Ortiz first realized his cultural adaptability and relocation familiarity were assets in his early GE roles. Moving around frequently, he learned to quickly produce results, and in navigating multiple cultures he developed a depth of lens few possess.
“I think my perception of what’s right and wrong is a lot broader,” Ortiz says. “While still maintaining my own core values, it’s so much easier to understand others’ points of view, and that, sometimes, thinking someone is wrong is merely just a case of someone thinking differently from you.”
Ortiz’ first CFO role was in Japan, and he had to quickly adapt to a culture where age—not necessarily experience—demonstrates the extent of one’s career, and where consensus is paramount. “I was the only non-Japanese person on a 500-person team,” he recalls. “Things moved at a different pace than I was used to because there is such a stronger emphasis on building consensus. It was a very sobering experience.”
Later, Ortiz took on a CFO role with GE Capital’s Fleet Leasing division, covering all of Europe. “The experience in Japan helped me make sure that I was listening closely to each country’s CFOs, because their issues were so different,” he says. “Speaking four languages came in handy. Cultures, like the countries themselves, are so varied.”
“I call it situational leadership. Teams in different countries, cultures, and even functions have different needs and motivations and I’ve learned a lot from them; I’ve been able to adapt my style [and] become a better leader.”
One of Ortiz’ most profound learning experiences came when GE called him back to the United States to assume not a CFO role, but a global operational controller job. “My whole career, I thought I was preparing for bigger and bigger CFO roles, and I thought this might be the company telling me that this was as far as I was going to go,” he says.

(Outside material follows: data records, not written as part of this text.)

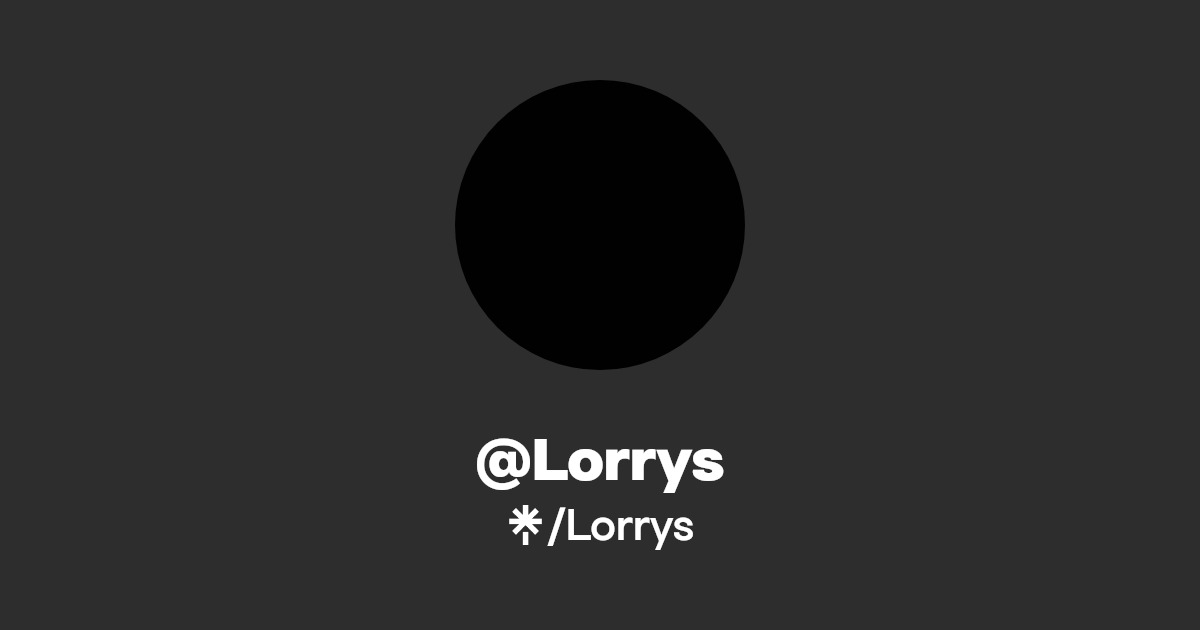 Lorrys - Find @Lorrys Onlyfans - Linktree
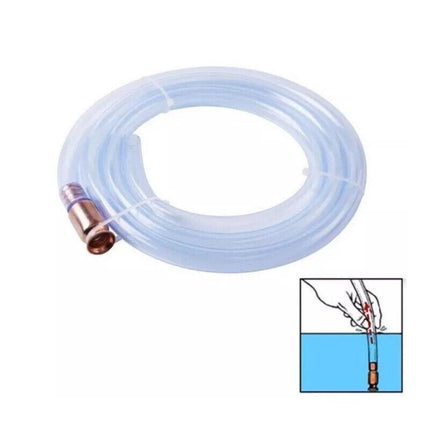 3M Self Priming Siphon Hose Water Jiggler Liquid Transfer Fuel Hose Pump Copper - Aimall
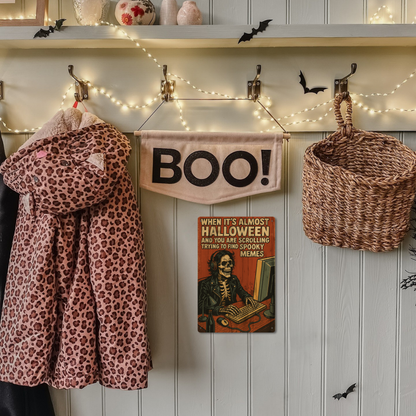 Almost Halloween — Rocker Skeleton Spooky Meme Poster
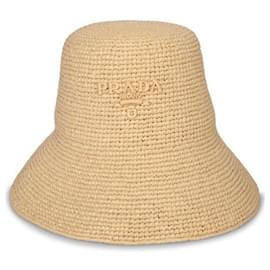 Sombrero bucket de rafia - Prada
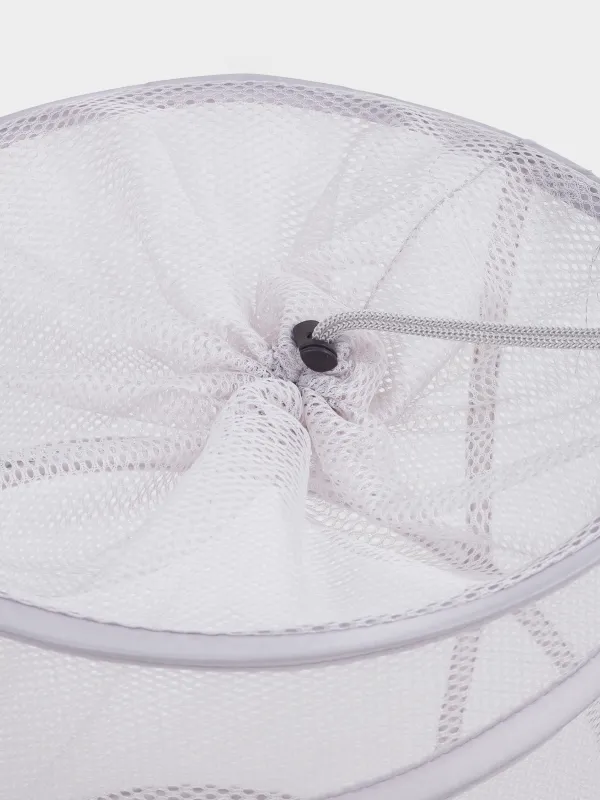 Кірге арналған себет, 46х34 см, жиналмалы, полиэстер/болат, дөңгелек, сұр-сарғылт-қоңыр, Safety, image-1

But, soon he realized through his discussions with mentors and former managers that GE, again, was challenging him to adapt and take on a role outside his area of expertise. He could use his experience to tackle a whole new role within the company.
A very simple question from one of Ortiz’ mentor really struck him. “He asked me what the company leaders were telling me,” Ortiz says. “They were telling me that this position was a potential stepping stone for bigger roles and promotion and that they really like the work I’m doing.” Ortiz’ mentor then told him to trust the process and the company.
“That was a powerful lesson for me,” Ortiz admits. He says the controller job and subsequent roles that followed were some of the best jobs he ever had. Though “trusting the process” was sometimes difficult, Ortiz believes it was the right thing to grow both professionally and personally.
On his own leadership, Ortiz says that the steady stream of feedback he receives always includes how, regardless of the situation, Ortiz adapts. He’s come to see it as his own leadership style.
“I call it situational leadership,” Ortiz says. “Teams in different countries, cultures, and even functions have different needs and motivations and I’ve learned a lot from them; I’ve been able to adapt my style. Because of these teams and situations, I believe I have become a better leader.”
To this day, Ortiz stays true to those core values that were cast by his parents, on the tennis court, and at every new country’s border. With those values, he knows that no matter the location or the situation, he will thrive.